SEDflume Study and Hydrodynamic Data Collection, U.S. Military Base — In support of remedial activities in a tidal estuary, supported a multifaceted study to determine hydrodynamic conditions driven by tidal exchanges and river discharge as well as sediment mobility properties using SEDflume. The SEDflume study produced measurements of erosion rates, particle size distribution, and bed density. Critical shear stresses for erosion were derived from the erosion measurements. The hydrodynamic and SEDflume data can support the implementation of numerical models to evaluate the site’s response to a range of hydrodynamic conditions and potential response and stability of the bedded sediment within the system.

Mid-Barataria Bay Sediment Diversion SEDflume Study, Southeastern Louisiana — Conducted a SEDflume study of native Barataria Bay, Louisiana, sediment to support engineering design of a proposed diversion of the Mississippi River. The increased hydrodynamic forces from diverted discharge are expected to erode material near the mouth of the diversion structure. Led a SEDflume study of bed material extending from the surface to 120 ft below mudline to support numerical models simulating flows and estimating the potential for erosion. Study results supported modeling efforts to predict the potential for scour within the system and support the engineering design process.

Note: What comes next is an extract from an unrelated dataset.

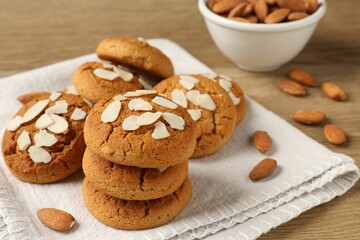 Tasty cookies with almond flakes and nuts on wooden table, closeup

Dredge Material Study for Beneficial Reuse, Maryland — Conducted a SEDflume study to compare the erodibility of placed dredge material with dredge material supplemented with recycled glass or sand. Test samples were developed in the laboratory by mixing a slurry consisting of supplemental and dredge material. Three test samples were developed for each mixture and allowed to consolidate for 1, 7, and 28 days to compare erodibility over time. The SEDflume study produced measurements of erodibility relative to depth and highlighted the differences in mobilization potential for each material type. The results will help inform appropriate beneficial reuse dredge material management practices for use in restoration projects.

Instrumentation Monitoring for Newtown Creek Hydrodynamic and Sediment Transport Modeling, New York — Deployed an array of oceanographic sensors to collect real-time data regarding free stream and near-bed currents, water quality parameters, and suspended sediments concentrations. Data collected will be used to evaluate remediation techniques.

SEDflume Sediment Erosion Rate Study, Mozambique — Analyzed samples to support deep-water drilling efforts. Application of pre-determined shear stresses to relatively undisturbed sediment cores allowed for the determination of critical shear stresses for erosion with depth. Sediment properties such as vane shear, bulk density, and particle size distribution, in conjunction with the critical shear stress information help to ascertain potential issues when working with these sediments in their natural environment.